Netflix create multiple landing cards (the images you're shown on your suggestions) to see which generate the most clicks. The more popular landing cards will then be widely adopted.

If it's not weird enough that we're all part of some worldwide social experiment, it turns out they actually tailor these landing cards to each of us individually, so that the content appeals to us more.

If you've been watching action films, it's likely the landing card Netflix show you will be an action shot, even if it isn't an action film.

They faced some backlash from this recently when podcaster Stacia L. Brown pointed out in a tweet that the promotional image for Like Father, a film whose main characters are white, featured two black actors who had a combined total of just 20 lines between them.

She accused Netflix of racial profiling, but they denied the claims and said it was likely just based on her viewing history.

If random shows you've never watched before appear in your 'continue watching' bar, you've probably been hacked

Sometimes they might stick a random Netflix original into your suggested bar, or they might resurface a show you'd given up on weeks ago to tempt you to keep watching.

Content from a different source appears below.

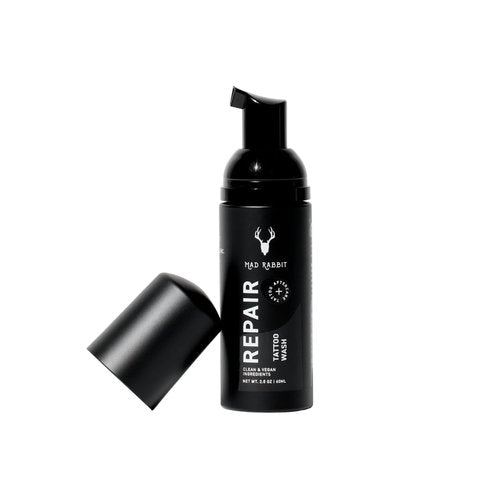 Mad Rabbit Tattoo Aftercare Soap - Tattoo Soap for New Tattoo - Fragrance Free Tattoo Foam Wash - Unscented Tattoo Cleaner Made with Clean + Vegan Ingredients, 2oz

But if some crazy shit suddenly starts appearing under the 'continue-watching' bar that you know you haven't watched, the chances are you've been hacked.

Hundreds of accounts have been sold on the dark web, giving complete strangers access to your account.

Sometimes the descriptions don't match up to the film or TV show

Netflix synopses have provided us with some comedy gold. Nobody can deny that their one-liners are genius. But it's not rare to come across a description that just doesn't make sense.

Ex-Netflix employee Ealasaid Haas, who worked at the company from 2004 to 2005, claims Netflix don't pay their staff enough to actually watch the shows.

Granted he hasn't worked for Netflix for 14 years, but it would explain a few things.

They even know your sleep pattern

Todd Yellin, the Vice-President of Product at Netflix revealed they customise your suggestions based on what time you decide to start watching. So if you log in at night time, they'll probably suggest shorter shows or films you're already halfway through.

It's not just your sleeping habits they're judging, they also know how short your attention span is

It's been speculated Netflix cancels shows or stops making them after just two seasons, and that's because their algorithm discovered this is the optimal length a series should be.

Apparently we get bored after the second series and tend to stop watching.

Netflix haven't confirmed this rumour, but recent studies have found that shows have an average life-span of just two seasons. RIP binge-watching.

Apparently Netflix don't like the word 'binge-watching'

Guy Pearce, who directed The Innocents, claims that despite binge-watching being one of the most popular activities, Netflix really doesn't like the phrase.

In an interview with Empire, Guy said: "I don't think Netflix likes the term 'binge.' When we did the promotion for The Innocents in the United States, we were strictly sort of instructed beforehand not to talk about 'binge-watching.'"

He didn’t clarify why they're so against it, but it’s likely due to the negative connotations of the word "binge", like binge-eating and binge-drinking.